Kunjungan Presiden ke-7 RI Joko Widodo ke Lampung pada 26 hingga 28 Juni 2026 menjadi momentum yang langsung disambut dengan persiapan besar. PSI Lampung tidak bergerak sendirian, melainkan membuka ruang kolaborasi dengan relawan Jokowi, relawan Mas Gibran, serta unsur masyarakat yang ingin ikut bersilaturahmi.
Di tingkat organisasi, seluruh jajaran PSI Lampung disebut siap terlibat. Struktur partai dari DPW, DPD, DPC, hingga DPRt juga akan ikut mengatur persiapan agar rangkaian agenda di Lampung berjalan tertib.
Ketua DPW PSI Lampung Achmad Ridho Julian menyebut kunjungan itu merupakan pemenuhan undangan dari masyarakat Lampung. Ia menilai banyak warga memang ingin menyambut Jokowi karena perhatian dan pembangunan yang hadir selama masa kepemimpinannya.
Dorongan untuk menyambut kehadiran Jokowi datang dari berbagai kalangan. Achmad Ridho mengatakan kerinduan terhadap Jokowi tidak hanya dirasakan relawan, tetapi juga tokoh pemerintahan, tokoh adat, tokoh budaya, dan masyarakat umum.
Pembangunan yang masih meninggalkan jejak kuat
PSI Lampung juga menilai ada alasan lain mengapa sambutan terhadap Jokowi terasa begitu besar. Menurut partai itu, Jokowi meninggalkan jejak pembangunan yang kuat di provinsi tersebut dan dampaknya masih dirasakan hingga kini.

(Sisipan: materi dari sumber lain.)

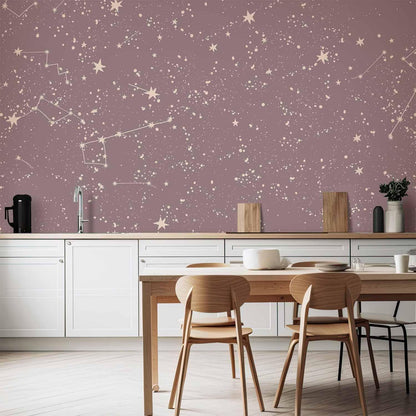 Fototapete - Night Sky - Artistic Constellations and Stars in Pastel Shades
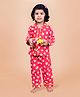 DEAR TO DAD Cotton Woven Full Sleeves Floral Printed Coordinating Night Suit Set - Red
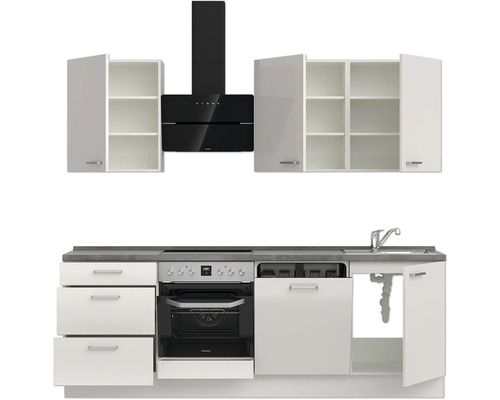 NOBILIA keukenblok met apparatuur Urban 240 cm zijdegrijs hoogglans voorgemonteerde variant links 4004539010116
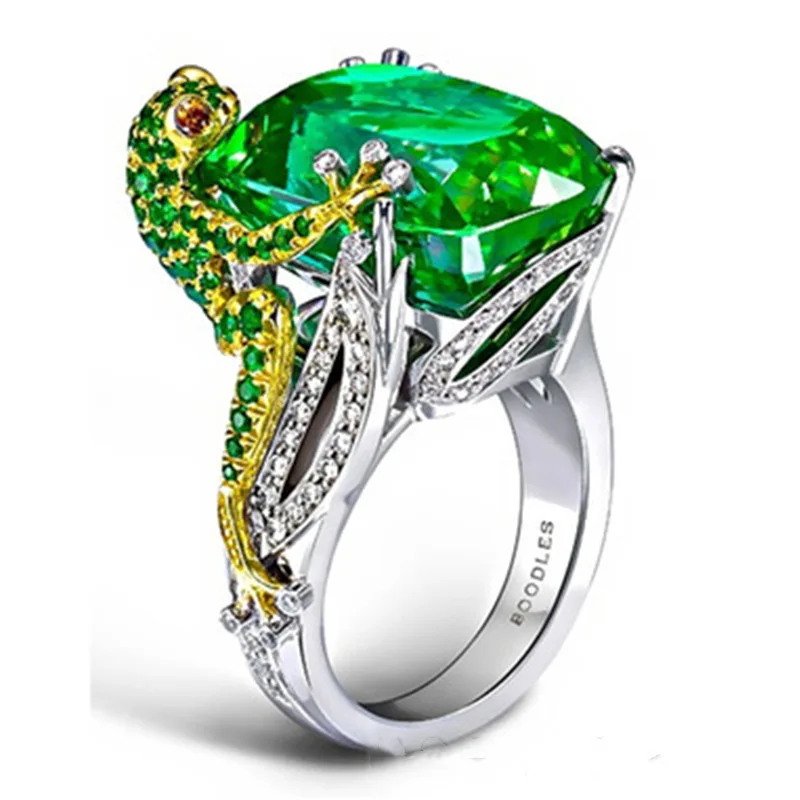 Milangirl  Chameleon Lizard Green Zircon Hand Jewelry Rings for Women Anniversary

Sejumlah proyek strategis nasional disebut memberi pengaruh nyata bagi mobilitas warga, konektivitas wilayah, dan aktivitas ekonomi daerah. Deretan pembangunan yang disorot mencakup jalan nasional, perbaikan jalan provinsi, Jalan Tol Trans-Sumatera, waduk, infrastruktur pertanian, serta program pembangunan lain.
Achmad Ridho menegaskan manfaat proyek-proyek tersebut dirasakan langsung oleh masyarakat Lampung. Ia juga menyebut hasil pembangunan itu membentuk kesan baik terhadap Jokowi di tengah warga.
Dampak yang dirasakan tidak hanya terlihat dari fisik infrastruktur. PSI Lampung menilai pembangunan tersebut ikut mendorong pertumbuhan ekonomi dan kesejahteraan warga di daerah itu.
Silaturahmi yang dibuka untuk masyarakat
Kehadiran Jokowi di Lampung dipandang sebagai lebih dari sekadar agenda formal. PSI Lampung melihatnya sebagai ruang silaturahmi yang mempertemukan kembali Jokowi dengan masyarakat yang selama ini merasa dekat melalui berbagai kebijakan pembangunan.
Karena itu, penyambutan yang disiapkan tidak dibatasi pada unsur partai saja. PSI Lampung ingin memberi ruang bagi masyarakat untuk bertemu langsung dengan Jokowi selama kunjungan berlangsung.
Dukungan terhadap agenda tersebut juga datang dari berbagai unsur masyarakat. Tokoh adat dan tokoh budaya disebut ikut merasakan kedekatan dengan Jokowi melalui pembangunan yang berjalan di daerah.
Jika tidak ada perubahan jadwal, kunjungan itu akan berlangsung selama tiga hari pada akhir Juni. PSI Lampung menegaskan kesiapan mereka untuk menyambut sekaligus membersamai seluruh rangkaian agenda Jokowi di provinsi tersebut.